La coltura idroponica: coltivare sull’acqua
Diversa dalla coltura aeroponica, ma anch’essa completamente senza terra, la coltura idroponica è un’altra tecnica decisamente interessante e sempre più praticata. Come si intuisce dal nome, non prevede il contatto delle piante con il terreno, ma direttamente con l’acqua.
Viene attuata con sistemi per cui le piantine, sostenute con varie tecniche (per esempio su supporti inerti come l’argilla soffiata), portano le radici a contatto di acqua nella quale sono disciolte le necessarie sostanze nutritive (uno schema comune è quello che vede le piantine sospese in vasche, all’interno di grandi serre).
Rispetto all’agricoltura in campo, l’idroponica garantisce rendimenti anche 5 volte maggiori, consuma il 90% in meno di acqua (quella che si usa viene continuamente riciclata), e può essere impiantata anche vicino alle città, in spazi inadatti alla coltivazione tradizionale come zone aride o terreni ormai esausti.
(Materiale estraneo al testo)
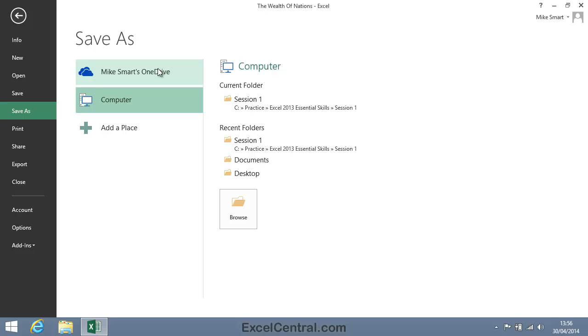A OneDrive also provides an easier way to share files with other people. The OneDrive is part of a completely new way of working called Cloud Computing. Support for Cloud Computing is by far the most important new feature of Excel 2013.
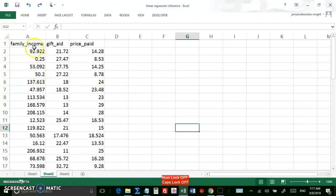Here's the data. Column A has the family income. Column B has the gift aid.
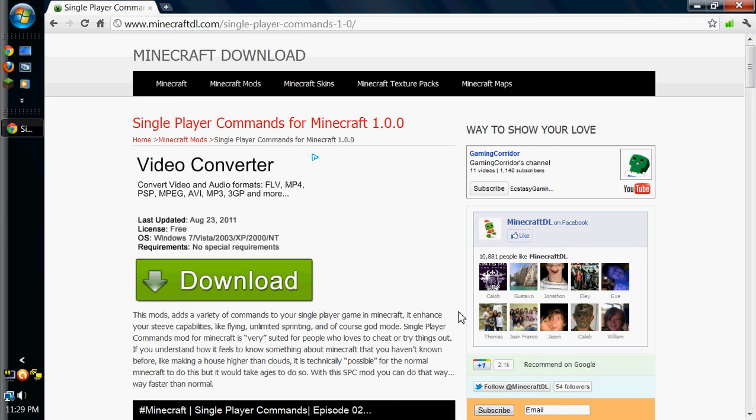Hey guys, it's Justin from Ecstasy Gaming, and today I'm going to show you how to get single player commands for Minecraft 1.0.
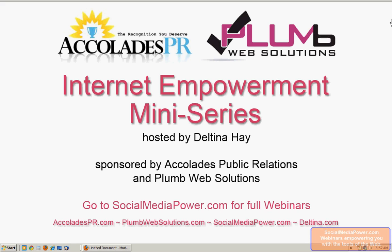Welcome to the Internet Empowerment Mini-Series, hosted by author Deltina Hay and sponsored by Accolades Public Relations and Plum Web Solutions. I'm Deltina Hay and these tutorials are based on my book, The Social Media Survival Guide. You can attend full webinars on these and other topics at socialmediapower.com and learn more about my book and my availability for speaking engagements at Deltina.com. Neither Deltina Hay nor her sponsors are affiliated with any of the services or tools highlighted in this series.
Anche in questo caso, essendo praticata fuori dal suolo, questa coltura non comporta il rischio che le piante subiscano danni dai parassiti che vivono nella terra e nemmeno che crescano erbacce o piante indesiderate.
La coltura acquaponica: un equilibrio perfetto
Parente stretta della idroponica, anche la coltura acquaponica è senza terreno e prevede il contatto diretto delle piante con l’acqua, ma va ancora oltre sul piano della sostenibilità. Sfrutta infatti l’aiuto dei naturali abitanti dell’acqua: i pesci.
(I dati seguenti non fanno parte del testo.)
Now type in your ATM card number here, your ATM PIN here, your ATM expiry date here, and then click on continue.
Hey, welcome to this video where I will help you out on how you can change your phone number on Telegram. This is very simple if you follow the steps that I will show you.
In pratica si realizza un sistema di vasche dove convivono la coltivazione delle piante e l’allevamento dei pesci, così da realizzare un ciclo virtuoso perché, grazie all’azione di particolari batteri, l’ammoniaca che si trova negli escrementi dei pesci viene trasformata in nutrimento delle piante che a loro volta purificano l’acqua per i pesci: i classici due piccioni con una fava… E i vantaggi di questa tecnica sono persino maggiori di quelli che si hanno con l’idroponica: produzioni ancora più elevate, meno minerali da aggiungere, nessuno spreco d’acqua e… secondo e contorno garantiti in un colpo solo.
I limiti da superare
Allo stato attuale gli orti verticali non sono adatti alle piante che tendono a svilupparsi molto in altezza e larghezza. E anche ragionando sulle serre in idroponica e acquaponica è difficile immaginare estensioni di grano e mais sospese in vasche dentro grandi capannoni (pensiamo solo a come sarebbe difficile la raccolta…). Il progresso però continua e chissà che, imboccata la strada giusta, non corra anche più velocemente che in passato…
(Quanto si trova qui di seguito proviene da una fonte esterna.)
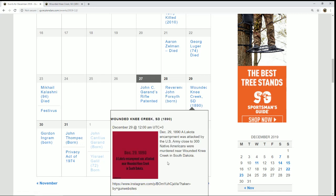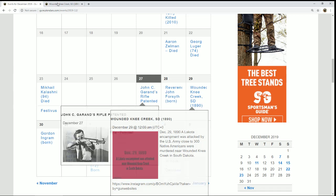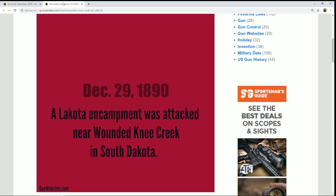Today we have the anniversary of the battle or massacre at Wounded Knee. Back in 1890, a Lakota encampment was attacked in South Dakota.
Home farming, perché non provare?
In attesa che le nuove agricolture prendano piede in città, perché non iniziare a sperimentarle in casa propria? È facile e dà grande soddisfazione, anche a chi non ha proprio il pollice verde. Basta digitare “coltura idroponica in casa” e Google ci restituisce subito una lunga serie di proposte per realizzare nel modo più efficace il nostro orto domestico. Ce ne sono di tutti i tipi e per tutte le tasche ed esigenze di spazio: da impianti completamente automatizzati capaci di assicurarci le nostre insalate per tutto l’anno a soluzioni più modeste ed economiche per provare comunque a sperimentare, divertendosi, l’agricoltura del futuro.